He couldn't remember my name so he called me beautiful. I was standing tall in a windy field with my dress whipping around my thighs and my hair streaked across my face and I thought yes, he's right. Then I reiterated my name.


Another time I was walking in a different dress and holding my sun hat onto my head with one hand--such a windy weekend! I was walking alone, thinking to myself, unconcerned with the human chaos and the blustering wind unfolding around me. In that moment I made eye contact with a stranger, and we smiled at each other--those big, beautiful, open smiles that are as rare as they are wonderful--and may I never forget it: wind, walking, being exactly within myself, and then glancing up into the smiling eyes of someone I do not and will never know but whom, for that one preserved moment, I knew to be the most beautiful person in the entire world.

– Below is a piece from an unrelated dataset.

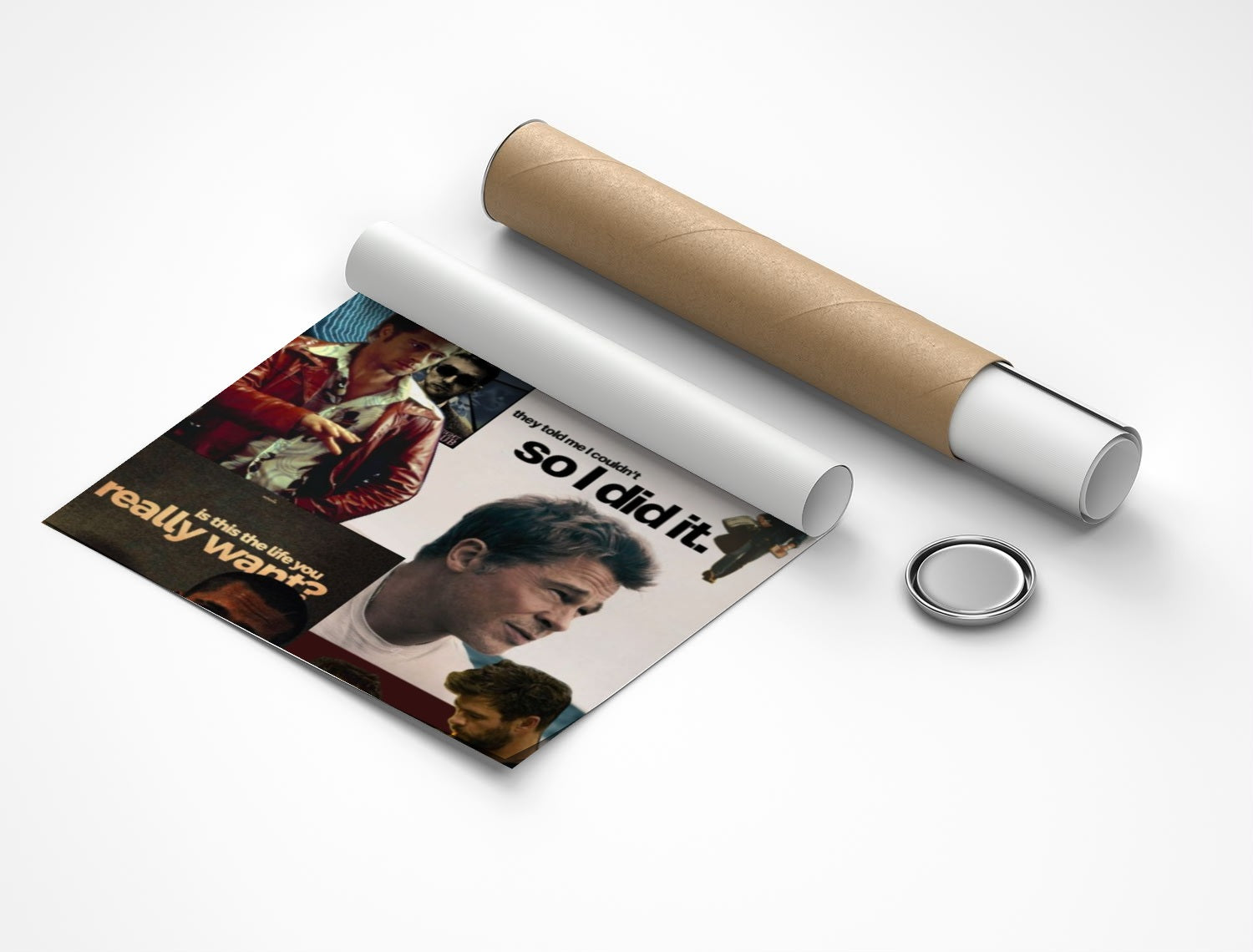 Rolled poster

For three nights this weekend I camped in a field with thousands of people and shared porta potties, water spigots, and music with the lot of them. What I learned, though, was not about them but about myself.

I should go ahead and feel it all.

I will not break.



Biking on Monday (warmup)


This valley is filled with the happiest dogs I've ever seen. Even the cats call to me from their driveways as I roll past and, if I pause and place my feet on the roadway, they eagerly trot out to rub their cheeks across my calves.

That black cow with its wide, Olympic-ringed nose.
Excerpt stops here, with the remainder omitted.